Restate all the data word for word and omit the pictures.

DATASET SECTION:
•••

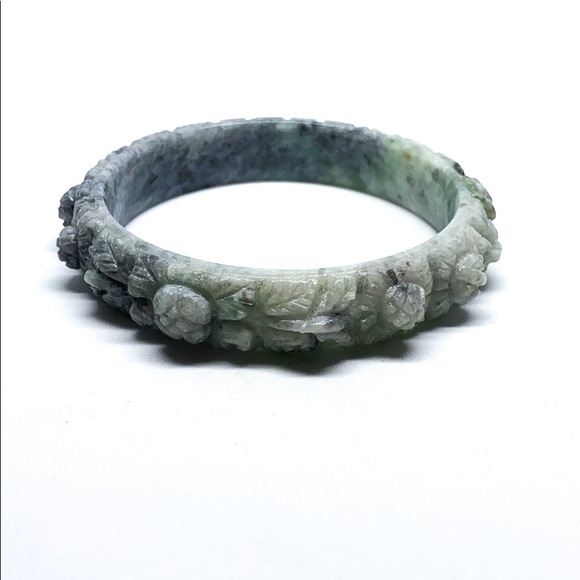 Hand carved Grade A Natural Green Jade Bangle - Picture 2 of 6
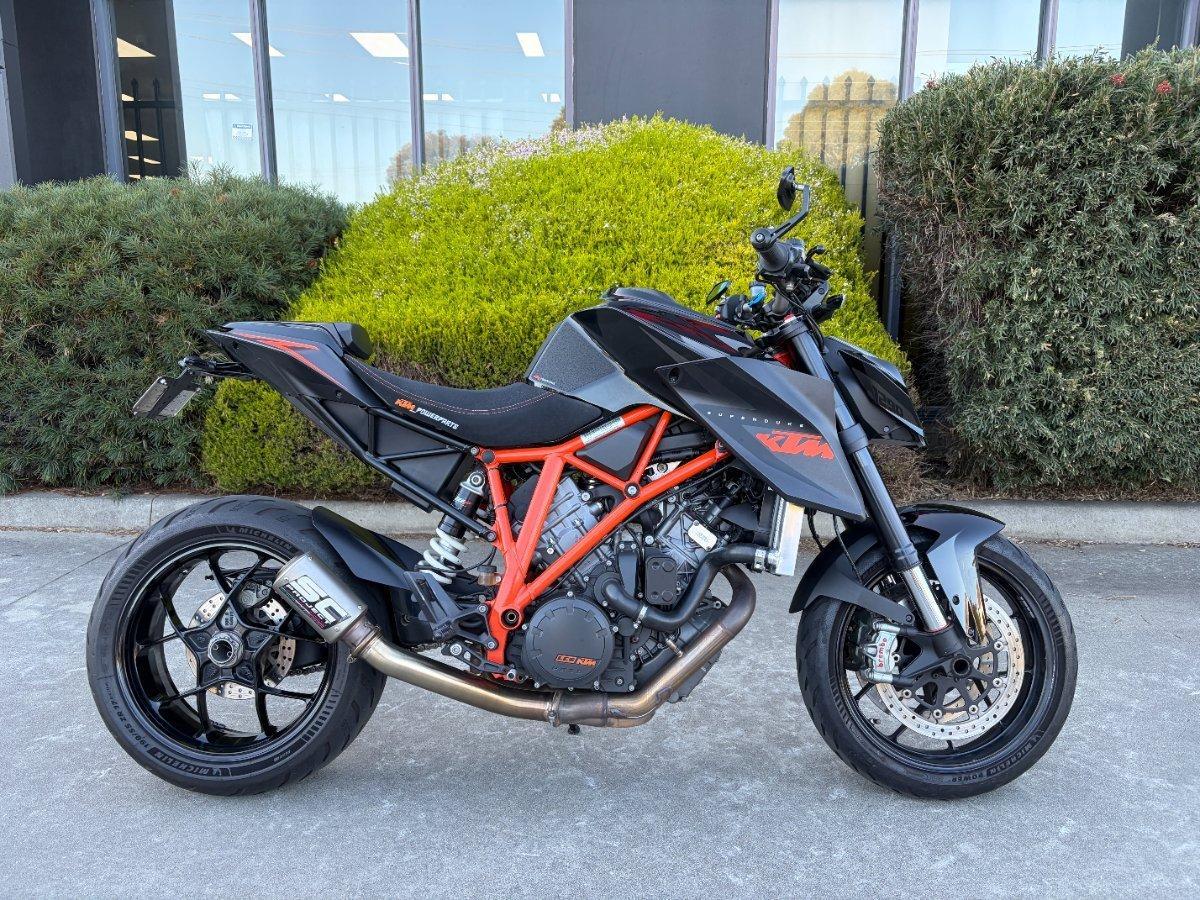 2014 KTM 1290 SUPER DUKE R SPORTS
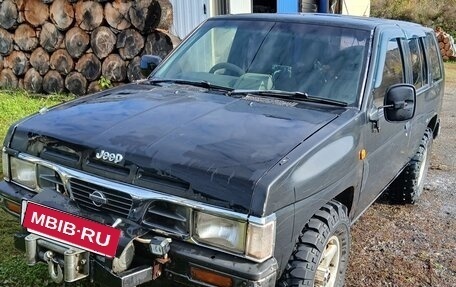Nissan Terrano II рестайлинг, 1991 год, 470 000 рублей, 3 фотография
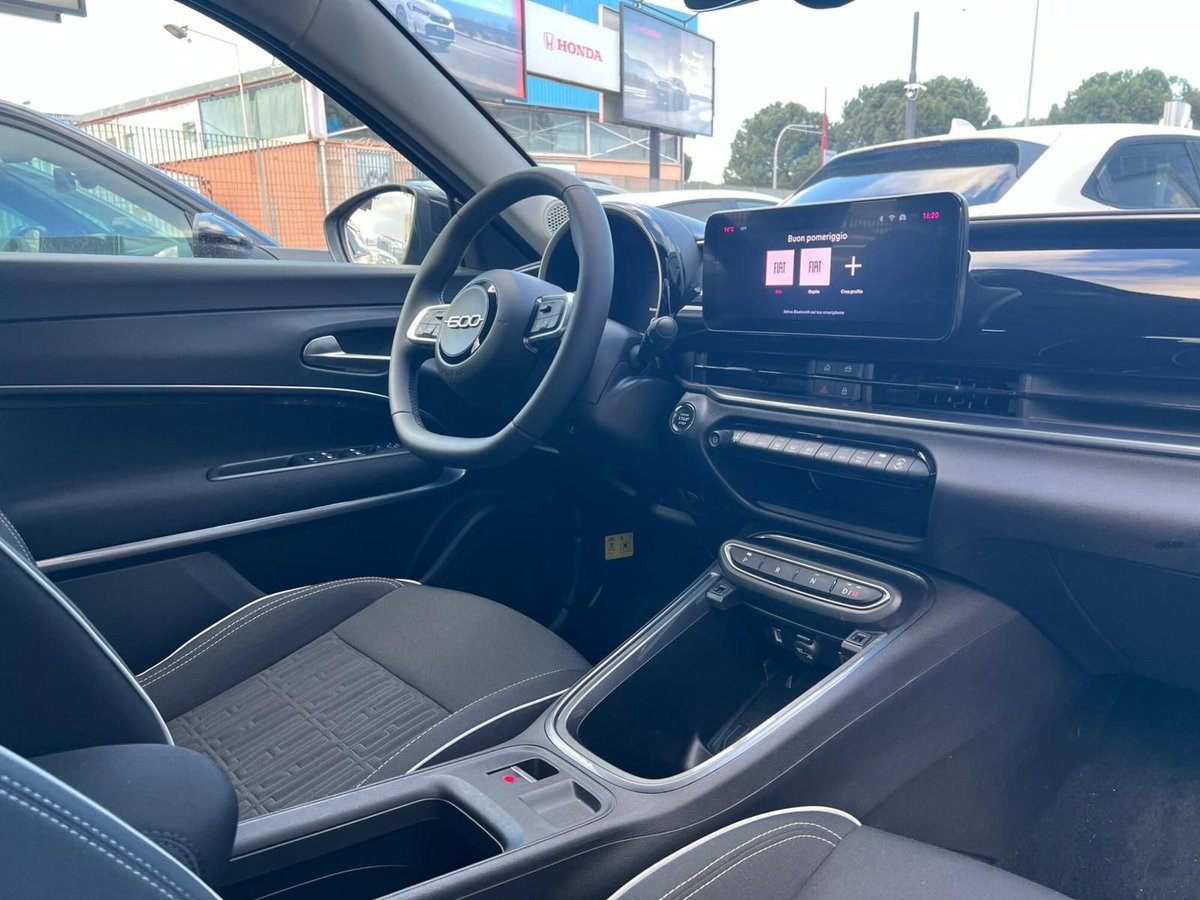 Fiat 600 1.2 hybrid Icon 145cv auto (12)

•••

RESPONSE BOX:
 Hand carved Grade A Natural Green Jade Bangle - Picture 2 of 6
 2014 KTM 1290 SUPER DUKE R SPORTS
Nissan Terrano II рестайлинг, 1991 год, 470 000 рублей, 3 фотография
 Fiat 600 1.2 hybrid Icon 145cv auto (12)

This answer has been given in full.